[Xapian-discuss] Indexing and commiting

Mon Apr 16 20:40:21 BST 2007

Hi,

On Mon, Apr 16, 2007 at 04:19:43PM +0200, Andreas Marienborg wrote:
> Right now I fetch items from the database, add them to the index,  
> with terms etc,  and commit every 1000 documents.

apart from creating the index in Xapian you should also keep in mind how
fast you can get your data from the database.

The largest SQL-database I use consists of 2.8 million bibliographic entries
(only the OPAC of the University Library of Cologne without institutes
etc.). To actually build the index I use two tables in the database - one
with the terms to index and another with correspondig serialized
data-structures constisting of author/title/year etc.
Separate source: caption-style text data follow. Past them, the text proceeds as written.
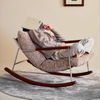 Modern Rocking Chair Antique Style Velvet Fabric High-end Rocking Chair Living Room Home Lazy Sofa Recliner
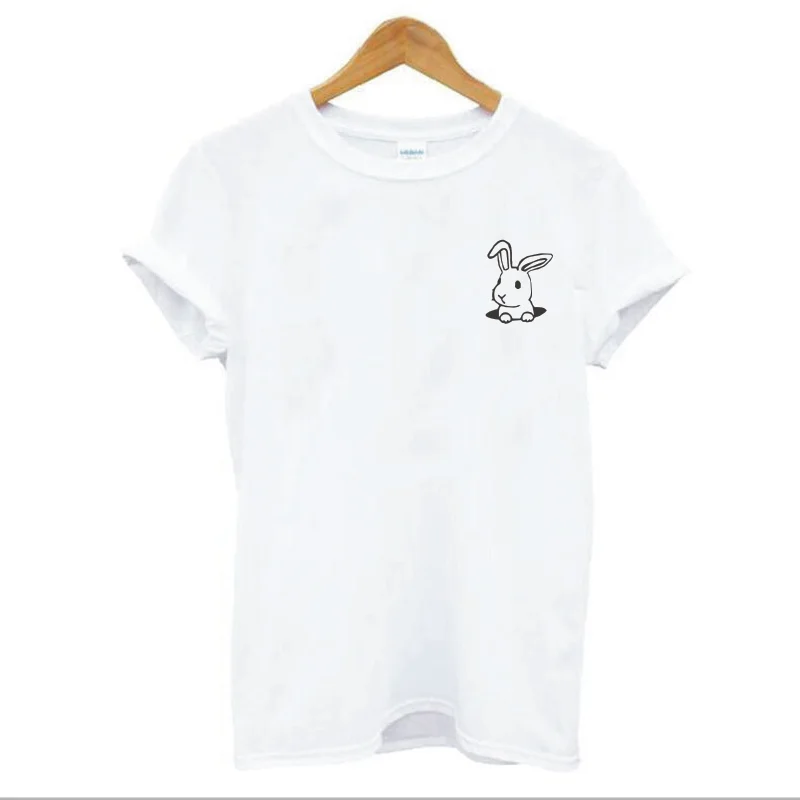 

Cute rabbit pocket printed T-shirt women's fashion Harajuku cotton short sleeve summer outdoor plus size round neck T-shirts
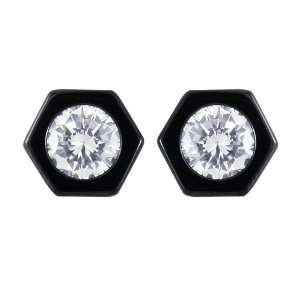   Stainless Steel Hexagon Shape with Cubic Zirconia Earrings Jewelry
I use MySQL 4.1.x. Unfortunately MySQL gets quite slow when performing the
select over these to tables - especially after the 1 millionth dataset
fetched.

I benchmarked the performance and measured the time to index 1000 datasets.
>From the 1st to the 200.000th set the time used grew from 0.8 seconds to
around 3.6 seconds for 1000 sets. The time then grew - until after 2 million
sets is was around 59 seconds. I first suspected Xapian and fine-tuned 
XAPIAN_FLUSH_THRESHOLD but quite soon it became quite clear that MySQL was
responsible.

As an alternative way to index (in my setup) I indexed the same data from
two flat files with the same data as in the MySQL-database. To use flat
files was quite a performance boost. Every 1000 sets took around 0.8 to 2.0
seconds to index for the whole 2.8 million bibliographic records.

Just my 0.02 EUR.

Regards,

Oliver

-- 
!- Oliver Flimm - Cologne/Germany | flimm at sigtrap.de | http://www.sigtrap.de/ -!
!    Die Zehn Gebote haben 279 Woerter, die amerikanische Unabhaengigkeits-    !
! erklaerung hat 300 Woerter. Die EU-Verordnung zur Einfuhr von Karamelbonbons !
!-----------------------------  hat 25911 Woerter  ----------------------------!